TASK GOAL.
Return exactly the lines below, starting with the one that has "平安树叶子下垂怎么办 平安树叶子下垂是什么原因 怎么补救" and going on through the one that has "キンセアニラ赤フローラ蝶フォトプログラム (正面)".
Top of DATA LISTING
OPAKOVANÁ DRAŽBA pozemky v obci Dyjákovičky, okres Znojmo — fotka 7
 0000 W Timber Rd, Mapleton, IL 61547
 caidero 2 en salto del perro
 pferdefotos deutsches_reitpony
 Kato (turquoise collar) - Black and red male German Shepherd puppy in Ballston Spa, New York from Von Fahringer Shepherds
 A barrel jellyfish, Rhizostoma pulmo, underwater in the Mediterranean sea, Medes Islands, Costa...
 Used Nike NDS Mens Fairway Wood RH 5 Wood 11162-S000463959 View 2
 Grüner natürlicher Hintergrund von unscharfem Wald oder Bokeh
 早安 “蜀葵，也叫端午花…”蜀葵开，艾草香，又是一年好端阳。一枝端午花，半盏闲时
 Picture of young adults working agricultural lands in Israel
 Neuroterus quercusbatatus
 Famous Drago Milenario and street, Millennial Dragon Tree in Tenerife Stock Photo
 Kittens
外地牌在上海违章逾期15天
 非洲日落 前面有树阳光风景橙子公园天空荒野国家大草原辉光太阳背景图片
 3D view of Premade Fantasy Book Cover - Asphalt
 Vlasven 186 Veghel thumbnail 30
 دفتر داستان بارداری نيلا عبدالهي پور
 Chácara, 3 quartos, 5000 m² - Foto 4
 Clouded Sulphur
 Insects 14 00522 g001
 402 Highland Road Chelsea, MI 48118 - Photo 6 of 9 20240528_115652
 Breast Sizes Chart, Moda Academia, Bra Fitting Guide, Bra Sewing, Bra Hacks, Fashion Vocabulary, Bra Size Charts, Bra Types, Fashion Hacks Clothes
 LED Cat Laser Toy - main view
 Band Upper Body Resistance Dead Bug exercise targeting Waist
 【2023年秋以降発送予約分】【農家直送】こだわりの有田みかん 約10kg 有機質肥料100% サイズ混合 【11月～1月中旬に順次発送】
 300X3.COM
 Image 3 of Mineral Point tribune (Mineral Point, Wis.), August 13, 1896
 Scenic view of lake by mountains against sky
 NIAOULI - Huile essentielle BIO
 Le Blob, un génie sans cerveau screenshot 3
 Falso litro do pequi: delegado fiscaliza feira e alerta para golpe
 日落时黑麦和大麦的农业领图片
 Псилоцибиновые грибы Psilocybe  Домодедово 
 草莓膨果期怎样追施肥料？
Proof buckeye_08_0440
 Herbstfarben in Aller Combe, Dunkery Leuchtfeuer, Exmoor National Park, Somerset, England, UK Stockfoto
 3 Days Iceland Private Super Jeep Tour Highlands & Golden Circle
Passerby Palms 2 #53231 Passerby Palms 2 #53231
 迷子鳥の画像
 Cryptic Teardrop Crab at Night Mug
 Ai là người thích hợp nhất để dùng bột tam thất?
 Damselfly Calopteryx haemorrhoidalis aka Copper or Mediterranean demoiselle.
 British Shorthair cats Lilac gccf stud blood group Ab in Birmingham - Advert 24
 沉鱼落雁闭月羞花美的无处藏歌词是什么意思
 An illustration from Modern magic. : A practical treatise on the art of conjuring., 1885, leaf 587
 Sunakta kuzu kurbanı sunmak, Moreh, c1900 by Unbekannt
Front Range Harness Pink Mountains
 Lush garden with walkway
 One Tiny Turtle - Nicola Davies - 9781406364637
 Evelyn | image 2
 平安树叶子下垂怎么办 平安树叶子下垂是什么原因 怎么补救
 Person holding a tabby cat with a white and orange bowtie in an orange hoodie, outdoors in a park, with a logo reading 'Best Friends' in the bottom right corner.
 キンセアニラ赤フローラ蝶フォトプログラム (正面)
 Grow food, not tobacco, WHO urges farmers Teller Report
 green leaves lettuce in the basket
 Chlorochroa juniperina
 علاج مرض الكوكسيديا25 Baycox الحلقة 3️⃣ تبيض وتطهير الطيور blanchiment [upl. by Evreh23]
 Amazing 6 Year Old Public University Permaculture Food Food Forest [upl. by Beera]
Bottom of DATA LISTING
ANSWER BOX.
 平安树叶子下垂怎么办 平安树叶子下垂是什么原因 怎么补救
 Person holding a tabby cat with a white and orange bowtie in an orange hoodie, outdoors in a park, with a logo reading 'Best Friends' in the bottom right corner.
 キンセアニラ赤フローラ蝶フォトプログラム (正面)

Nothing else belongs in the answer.